10-2531-ag
Ye v. Holder
BIA
Abrams, IJ
A094 789 122
UNITED STATES COURT OF APPEALS
FOR THE SECOND CIRCUIT
SUMMARY ORDER
RULINGS BY SUMMARY ORDER DO NOT HAVE PRECEDENTIAL EFFECT. CITATION TO A SUMMARY
ORDER FILED ON OR AFTER JANUARY 1, 2007, IS PERMITTED AND IS GOVERNED BY FEDERAL
RULE OF APPELLATE PROCEDURE 32.1 AND THIS COURT’S LOCAL RULE 32.1.1. WHEN CITING
A SUMMARY ORDER IN A DOCUMENT FILED WITH THIS COURT, A PARTY MUST CITE EITHER THE
FEDERAL APPENDIX OR AN ELECTRONIC DATABASE (WITH THE NOTATION “SUMMARY ORDER”).
A PARTY CITING A SUMMARY ORDER MUST SERVE A COPY OF IT ON ANY PARTY NOT
REPRESENTED BY COUNSEL.
At a stated term of the United States Court of Appeals
for the Second Circuit, held at the Daniel Patrick Moynihan
United States Courthouse, 500 Pearl Street, in the City of New
York, on the 10th day of August, two thousand eleven.
PRESENT:
JON O. NEWMAN,
RICHARD C. WESLEY,
PETER W. HALL,
Circuit Judges.
_____________________________________
RONG YE, AKA YE RONG,
Petitioner,
v. 10-2531-ag
NAC
ERIC H. HOLDER, JR., UNITED STATES
ATTORNEY GENERAL,
Respondent.
_______________________________________
FOR PETITIONER: Lee Ratner, Law Offices of Michael
Brown, New York, New York.
FOR RESPONDENT: Tony West, Assistant Attorney General;
Keith I. McManus, Senior Litigation
Counsel; Tracie N. Jones, Trial
Attorney, Office of Immigration
Litigation, United States Department
of Justice, Washington, D.C.
UPON DUE CONSIDERATION of this petition for review of a
Board of Immigration Appeals (“BIA”) decision, it is hereby
ORDERED, ADJUDGED, AND DECREED, that the petition for review
is GRANTED.
Rong Ye, a native and citizen of the People’s Republic of
China, seeks review of a June 9, 2010, decision of the BIA,
affirming the July 21, 2008, decision of Immigration Judge
(“IJ”) Steven R. Abrams, which denied his application for
asylum, withholding of removal, and relief under the
Convention Against Torture (“CAT”). In re Rong Ye, No. A094
789 122 (B.I.A. June 9, 2010), aff’g No. A094 789 122 (Immig.

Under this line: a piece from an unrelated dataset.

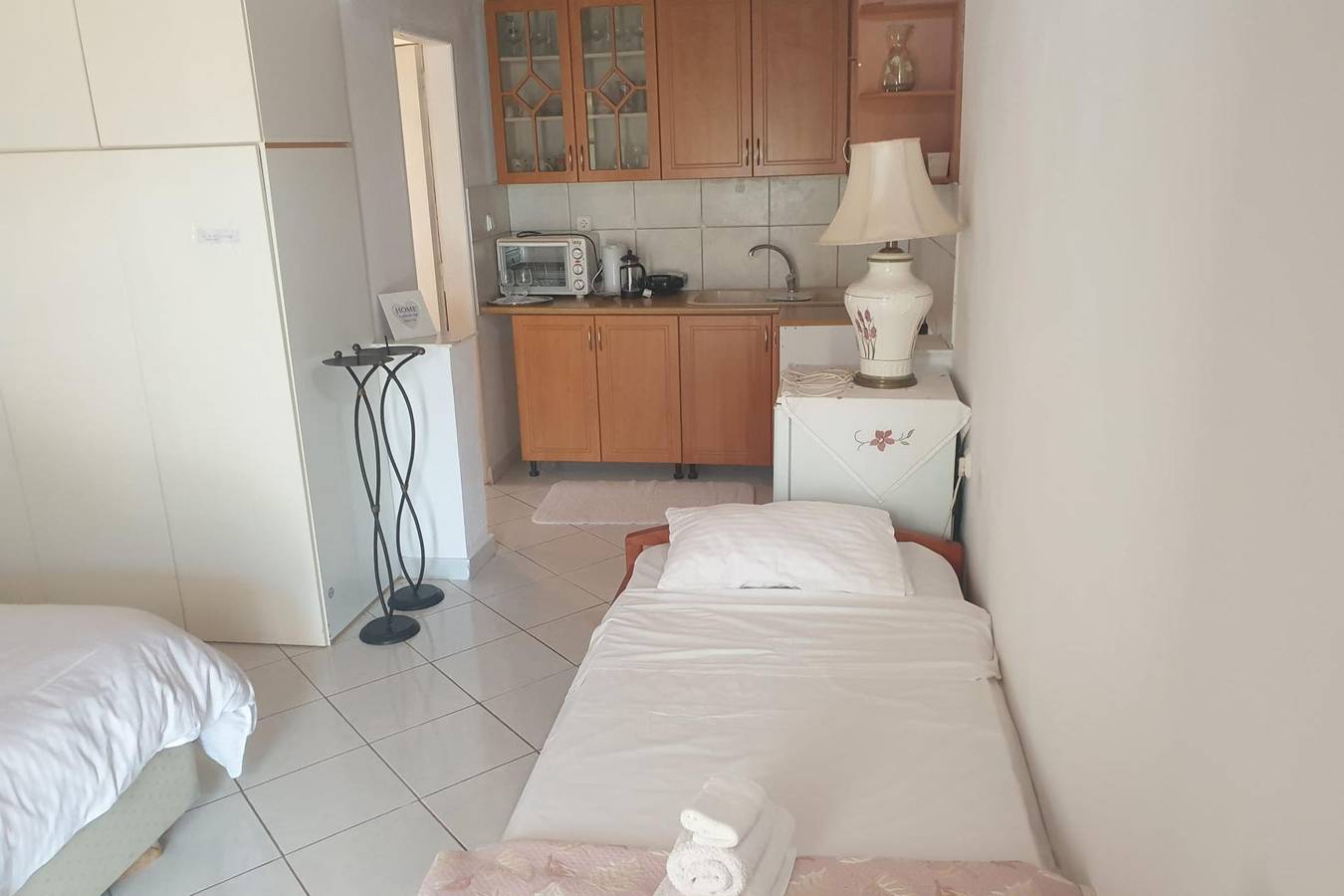 Estudio entero, Studio Apartment - Sleeps 2, Balcony & Parking in Lukovë, Vlorë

Ct. N.Y. City July 21, 2008). We assume the parties’
familiarity with the underlying facts and procedural history
in this case.
Under the circumstances of this case, we have reviewed
the IJ’s decision as modified by the BIA decision. See Xue
Hong Yang v. U.S. Dep’t of Justice, 426 F.3d 520, 522 (2d Cir.
2005). The applicable standards of review are well-
established. See 8 U.S.C. § 1252(b)(4)(B); Yanqin Weng v.
Holder, 562 F.3d 510, 513 (2d Cir. 2009).
Rather than addressing the IJ’s adverse credibility
determination, the BIA found that Ye failed to sustain his
burden of proof because he failed to provide reasonably
-2-
available evidence. Because the BIA declined to reach the
IJ’s adverse credibility determination, we assume the
credibility of Ye’s testimony. See Yan Chen v. Gonzales, 417
F.3d 268, 271 (2d Cir. 2005). Although an applicant’s
credible testimony alone may be enough to carry his burden of
proof, 8 C.F.R. § 208.13(a), the agency may nonetheless
require that the testimony be corroborated if one would
reasonably expect corroborating evidence to be available. See
8 U.S.C. § 1158(b)(1)(B)(ii); Chuilu Liu v. Holder, 575 F.3d
193, 196-98 (2d Cir. 2009); see also Diallo v. INS, 232 F.3d
279, 285 (2d Cir. 2000).
The BIA found that an affidavit Ye submitted from a
friend in China was of limited evidentiary weight because the
affidavit stated that Ye was arrested after Chinese cadres
“stormed inside,” whereas Ye testified that he was arrested in
an field. Although Ye argues that the reference to “inside”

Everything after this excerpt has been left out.